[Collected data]
▬▬▬

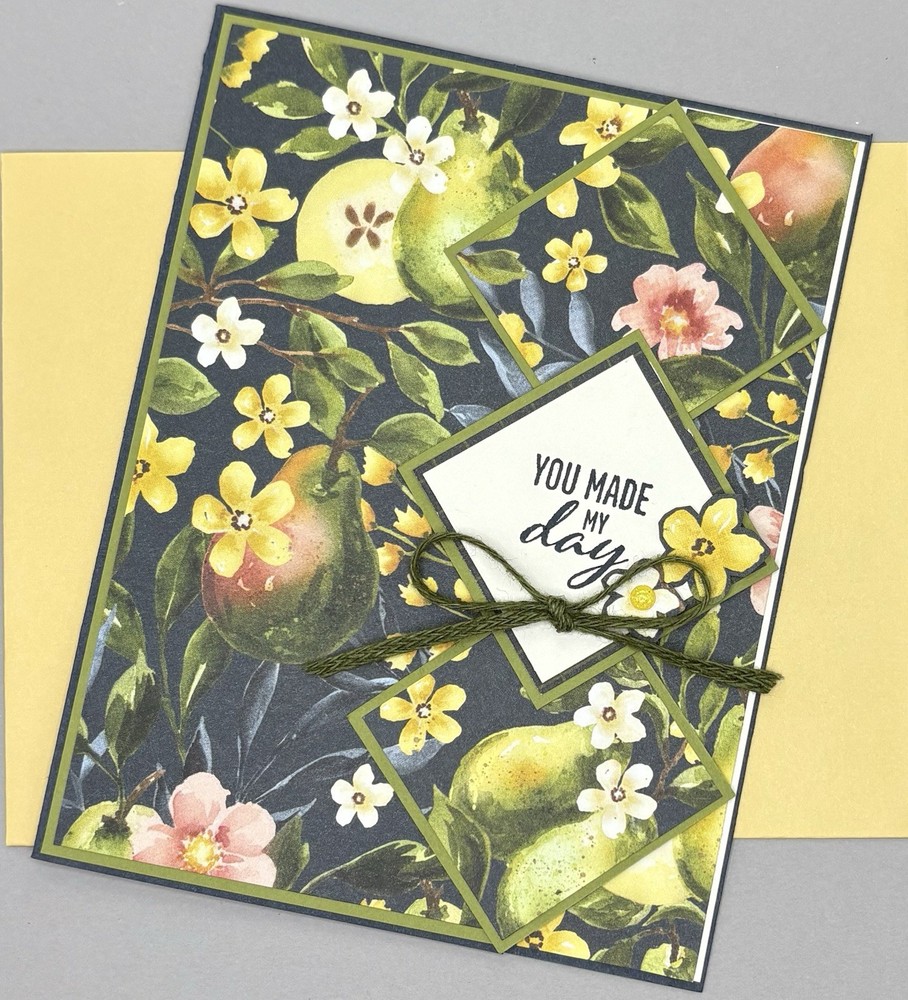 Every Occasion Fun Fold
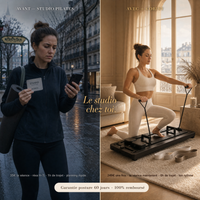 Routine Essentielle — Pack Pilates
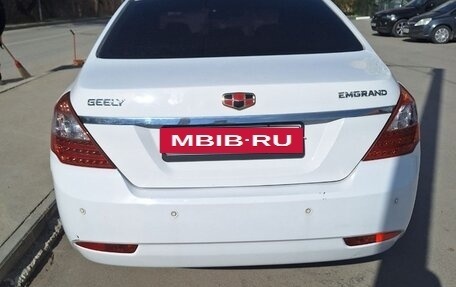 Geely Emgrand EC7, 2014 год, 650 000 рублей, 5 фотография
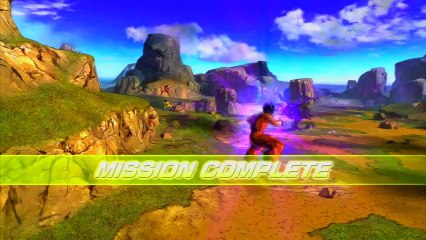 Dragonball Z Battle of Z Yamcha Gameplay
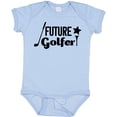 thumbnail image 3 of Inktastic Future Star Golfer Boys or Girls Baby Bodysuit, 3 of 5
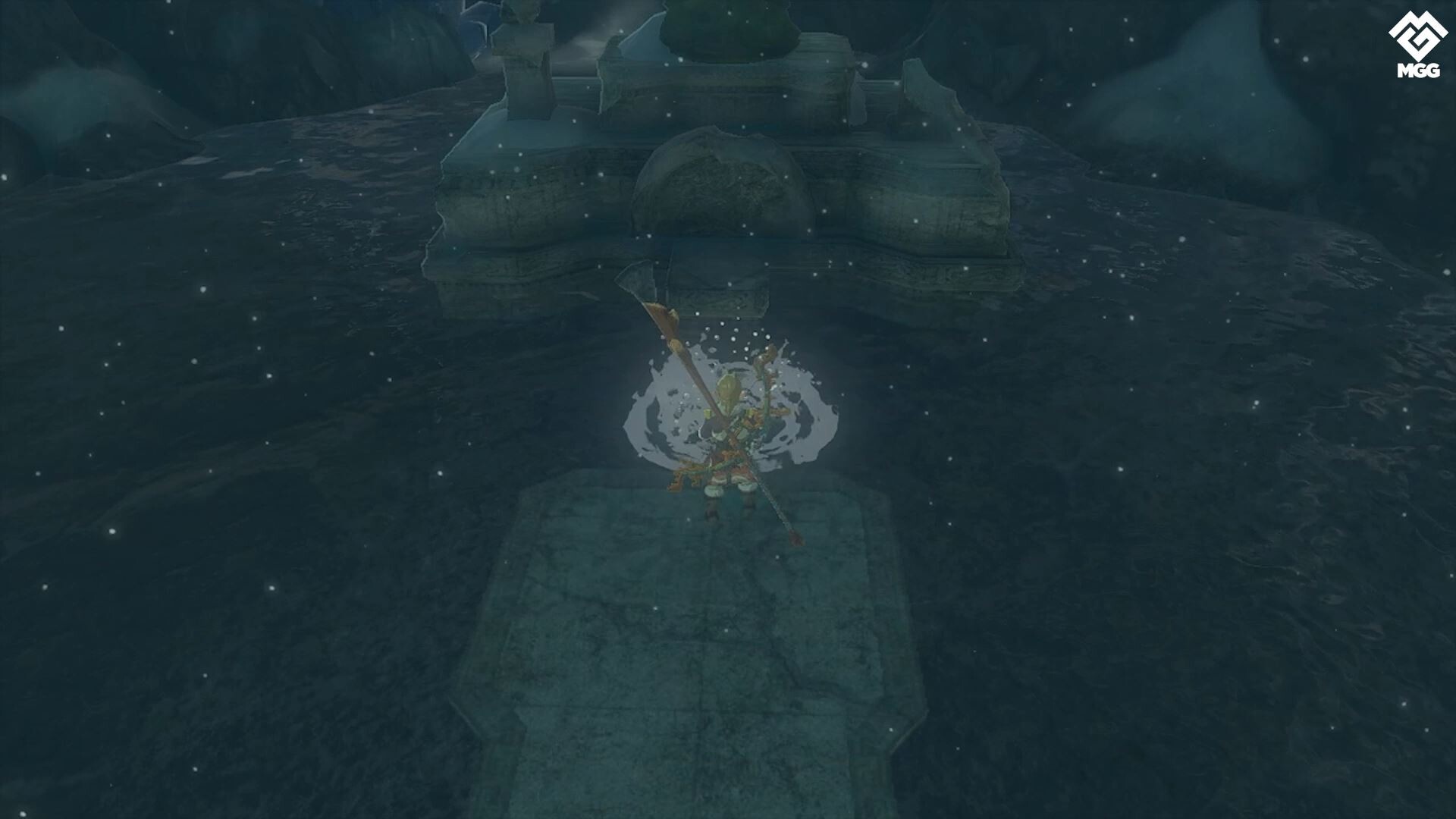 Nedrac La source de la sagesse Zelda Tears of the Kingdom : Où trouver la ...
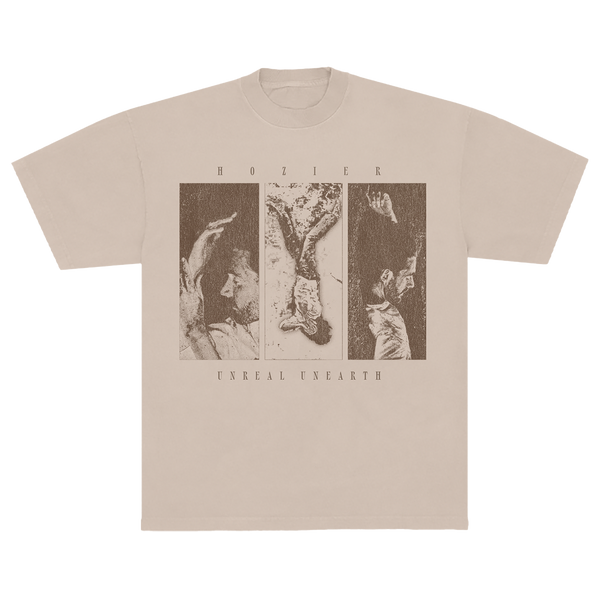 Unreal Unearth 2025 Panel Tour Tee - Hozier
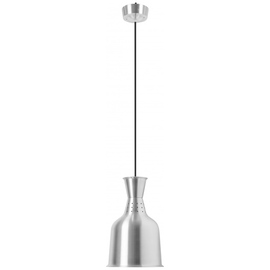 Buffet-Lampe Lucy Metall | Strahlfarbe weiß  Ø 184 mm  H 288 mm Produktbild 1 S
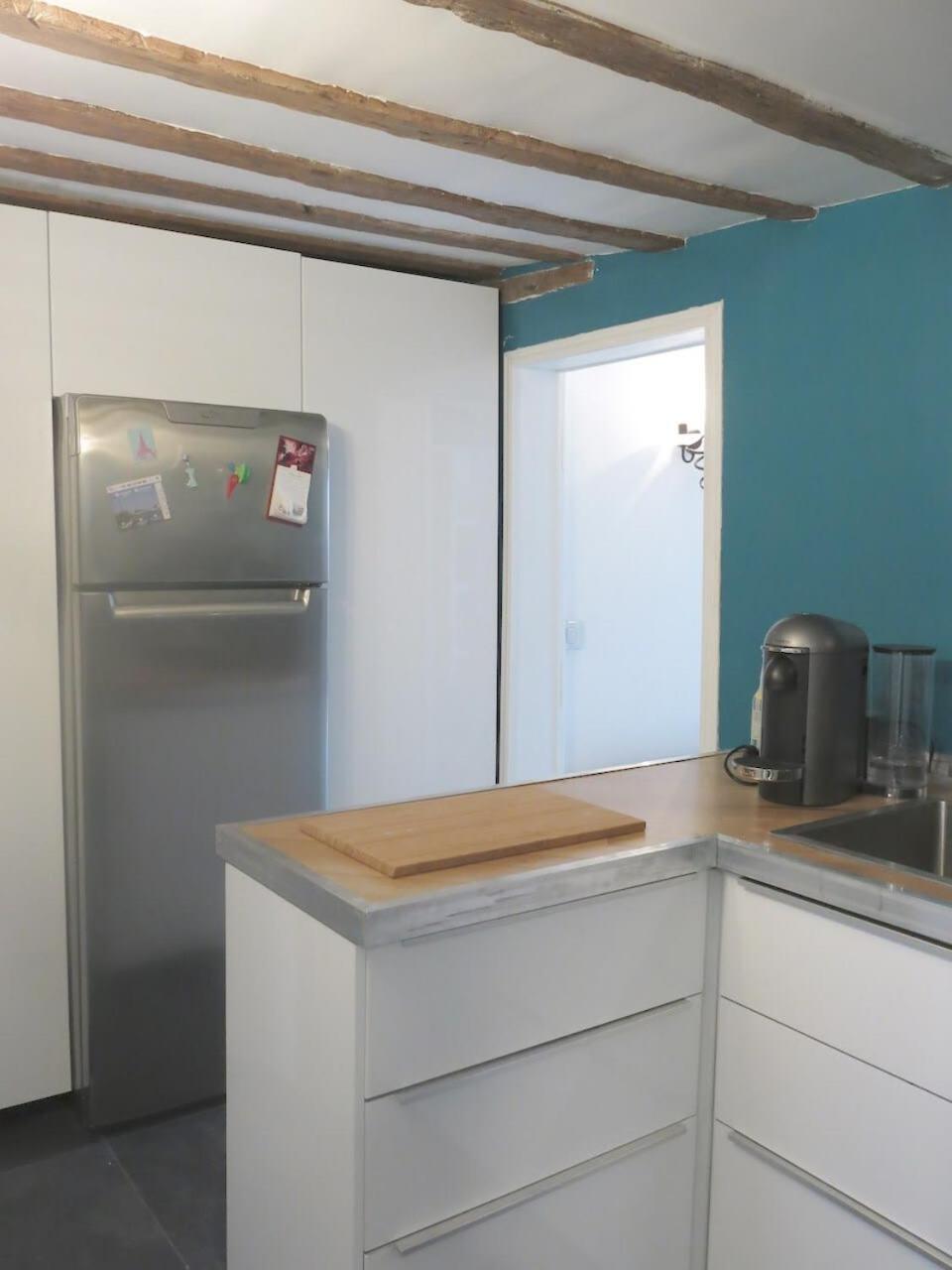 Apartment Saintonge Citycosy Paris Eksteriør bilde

▬▬▬

What is needed is an exact repetition of every line from the line with "Unreal Unearth 2025 Panel Tour Tee - Hozier" to the end of the data above, both ends included, with no pictures.

*Written answer*.
 Unreal Unearth 2025 Panel Tour Tee - Hozier
 Buffet-Lampe Lucy Metall | Strahlfarbe weiß  Ø 184 mm  H 288 mm Produktbild 1 S
 Apartment Saintonge Citycosy Paris Eksteriør bilde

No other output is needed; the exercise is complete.